(Data)
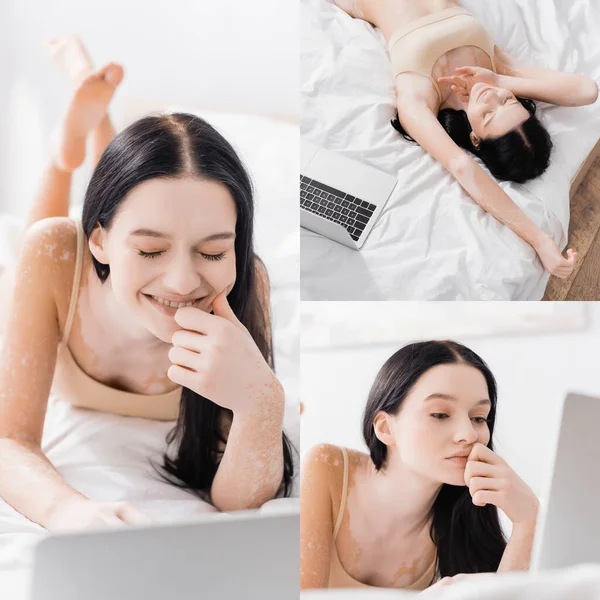 Collage de mujer morena con vitiligo acostado en la cama y utilizando el ordenador portátil - foto de stock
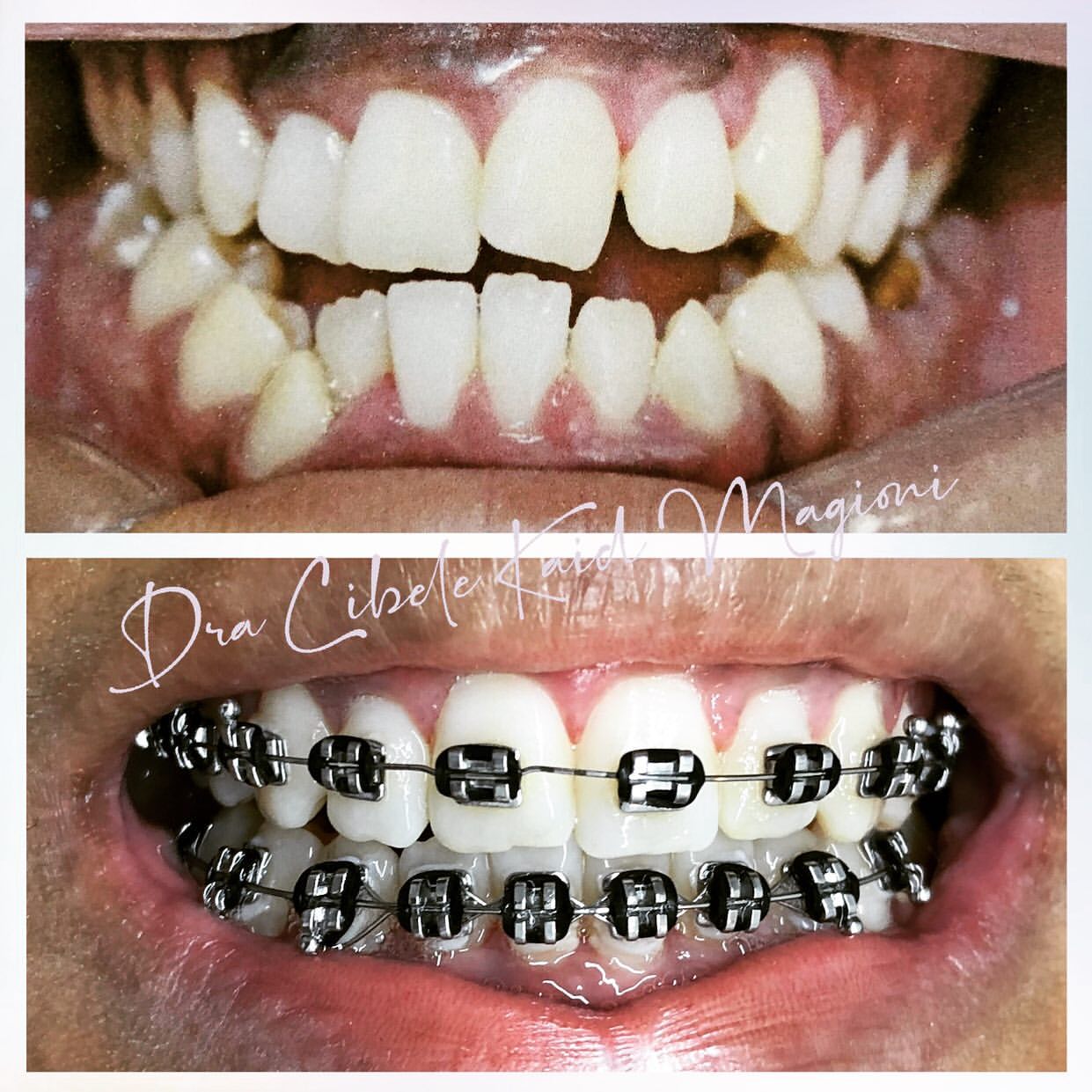 Estética e Harmonização do Sorriso (antes e depois)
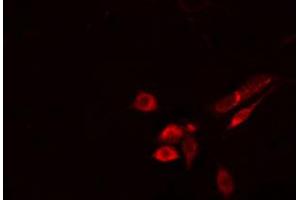 ABIN6274514 staining Hela cells by IF/ICC. (FKRP Antikörper  (N-Term))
(End Data)
▶ _Exercise objective_: Reproduce exactly, and only, the lines from the one with "Estética e Harmonização" to the final line of the listing above; the pictures are to be left out.

▶ _Problem solution_:
 Estética e Harmonização do Sorriso (antes e depois)
 ABIN6274514 staining Hela cells by IF/ICC. (FKRP Antikörper  (N-Term))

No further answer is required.